Travel guide is only promoting responsible tourism

michelin green guide camel

The Michelin Green Guide, one of the world's most influential travel and sightseeing guides, is removing all tourist activities that use animals.

As the Michelin Green Guide turns 100 years old, it has confirmed to PETA US and PETA France that it has made the historic change to no longer feature tourist activities using animals.


The Michelin Green Guide is designed for travellers and focuses on must-see sights, attractions and activities at destinations across the world.

camel in wild

"We are convinced of the need to present content promoting responsible tourism, which includes animal welfare," Michelin Éditions, the publishing arm of Michelin, said in a statement.

"Therefore, activities that can cause mistreatment... have been removed from our guides."

Michelin previously won a PETA France award for removing attractions with captive dolphins from its guides.

Now, tourist experiences such as elephant and camel rides will no longer be featured in the Michelin Green Guide.

'Tourism industry must evolve'

Via a PETA statement, camels are free to roam in nature, living in herds and communicating with each other through sounds and body movements.

As a sign of friendship, the animals will sometimes blow on each other's faces.

In the tourism industry, however, they carry heavy loads all day and go without appropriate shade or food. They are often dumped or sent to slaughter when they are too old, sick or injured to make money.

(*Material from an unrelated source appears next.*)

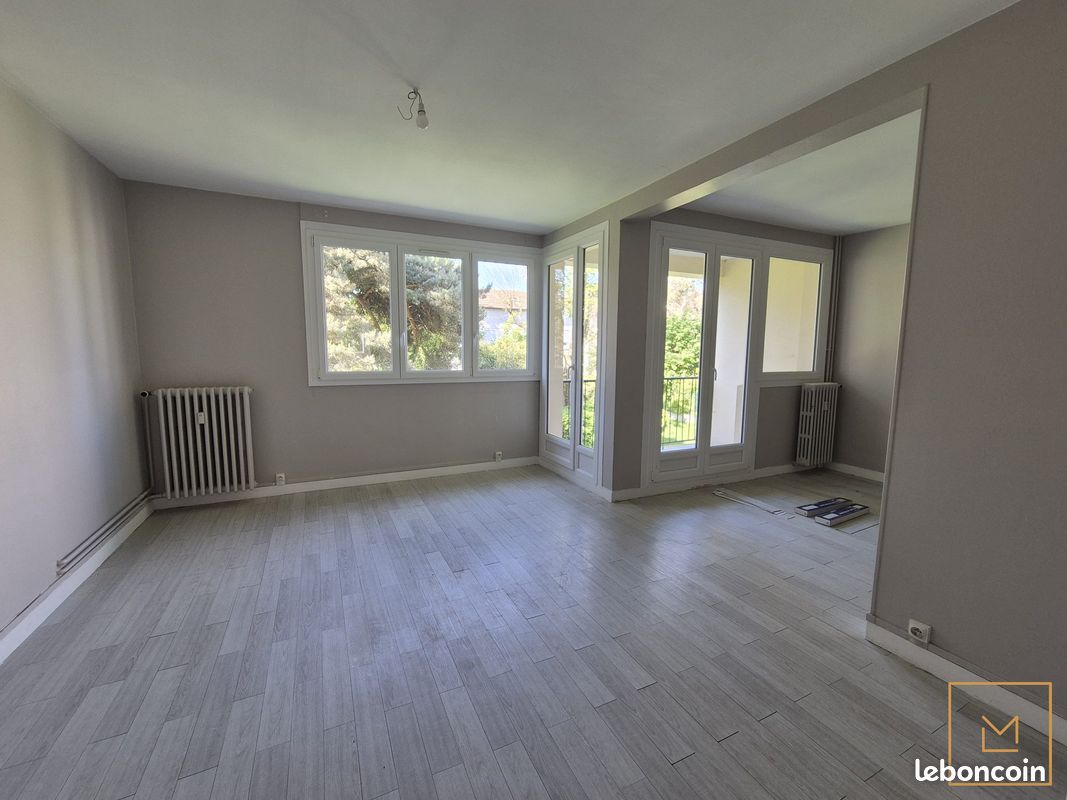 Appartement 4 pièces 82 m² · à Hérouville-Saint-Clair · 82 m² · 780 €/mois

In 2019, 2023, and 2024, PETA Asia investigators went to the Pyramids of Giza in Egypt and saw workers whipping exhausted horses and camels forced to haul tourists in the scorching sun.

peta asia camel

In addition to the Michelin Green Guide's removal of tourist activities that use animals, the new edition of the Green Guide Spain will include a clear warning that bullfighting is "an abusive and declining tradition".

“Camel rides and bullfights are spectacles of suffering, and the Michelin Green Guide is right to leave these cruel and archaic activities in the history books," said PETA president Tracy Reiman.

"PETA is celebrating Michelin for showing the tourism industry how even a century-old institution can, and must, evolve to reflect today’s understanding that animals are individuals who feel pain and fear."